Problem requirements :: Using the data below, reproduce exactly the lines from the line with "Volvo XC60 T6" to the line with "WH40K CODEX SUPPLEMENT: BLOOD", both included; pictures must be dropped.

Material supplied ::
+---+
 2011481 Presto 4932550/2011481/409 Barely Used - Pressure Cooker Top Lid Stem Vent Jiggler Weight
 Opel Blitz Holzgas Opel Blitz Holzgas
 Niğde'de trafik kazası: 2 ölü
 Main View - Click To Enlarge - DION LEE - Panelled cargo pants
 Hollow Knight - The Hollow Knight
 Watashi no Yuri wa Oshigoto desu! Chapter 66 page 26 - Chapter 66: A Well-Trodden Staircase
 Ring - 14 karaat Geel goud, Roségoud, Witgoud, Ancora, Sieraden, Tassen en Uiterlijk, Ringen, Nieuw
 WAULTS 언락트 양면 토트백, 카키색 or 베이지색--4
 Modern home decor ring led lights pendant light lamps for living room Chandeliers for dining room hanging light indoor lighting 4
+---+
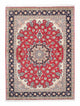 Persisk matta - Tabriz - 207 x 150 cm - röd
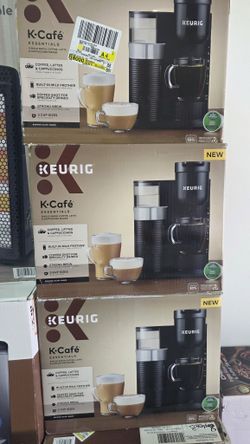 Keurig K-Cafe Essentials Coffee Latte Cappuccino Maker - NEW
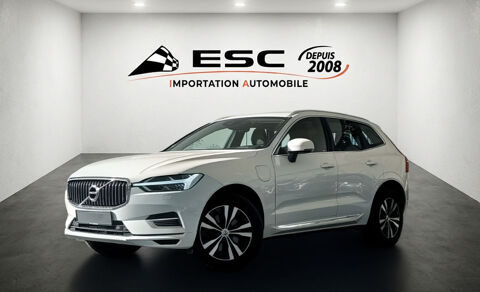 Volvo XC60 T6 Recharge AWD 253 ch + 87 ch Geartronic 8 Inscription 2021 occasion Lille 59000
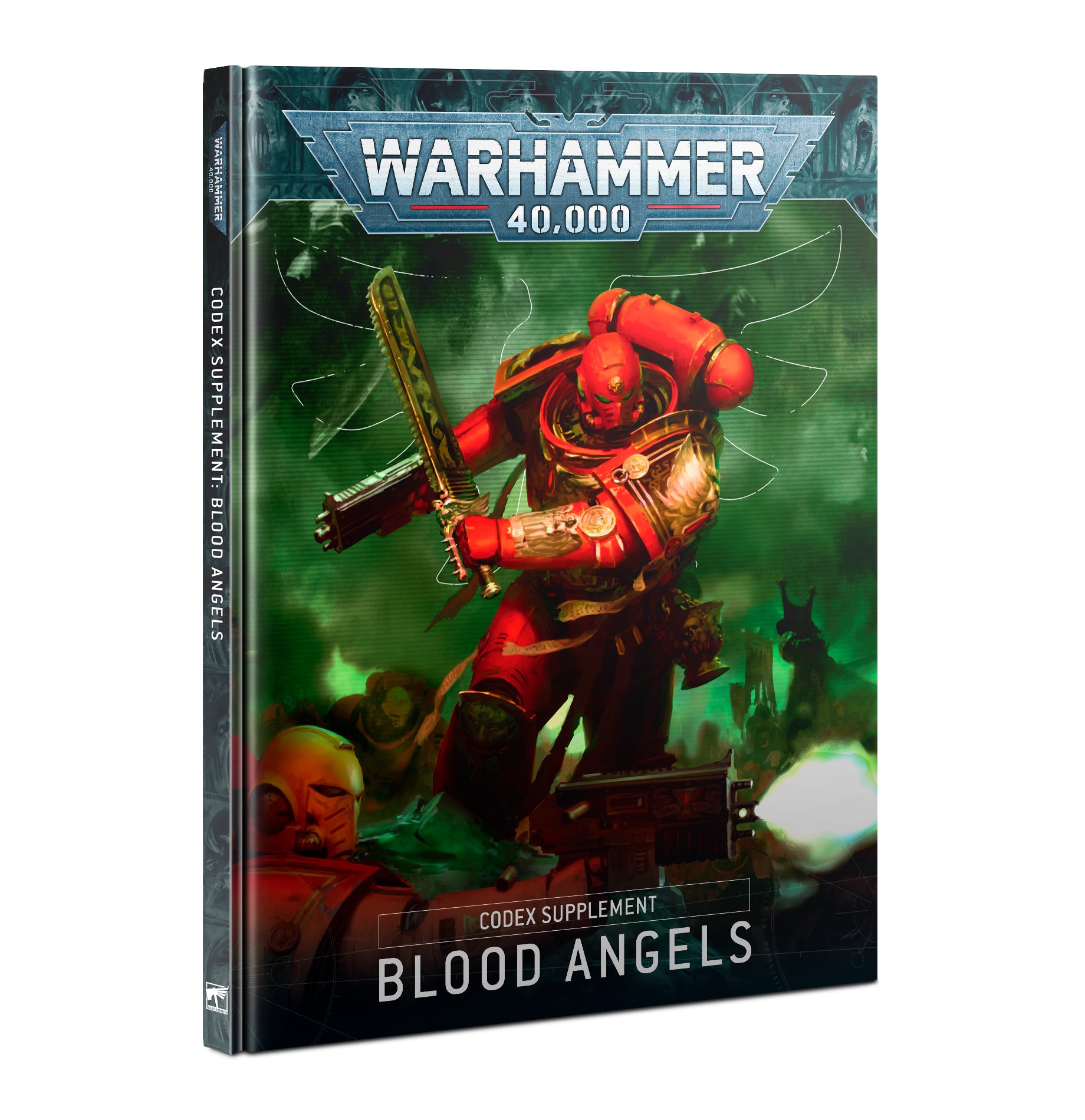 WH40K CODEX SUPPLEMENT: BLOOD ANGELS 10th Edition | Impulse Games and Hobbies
+---+
Response to this task ::
 Volvo XC60 T6 Recharge AWD 253 ch + 87 ch Geartronic 8 Inscription 2021 occasion Lille 59000
 WH40K CODEX SUPPLEMENT: BLOOD ANGELS 10th Edition | Impulse Games and Hobbies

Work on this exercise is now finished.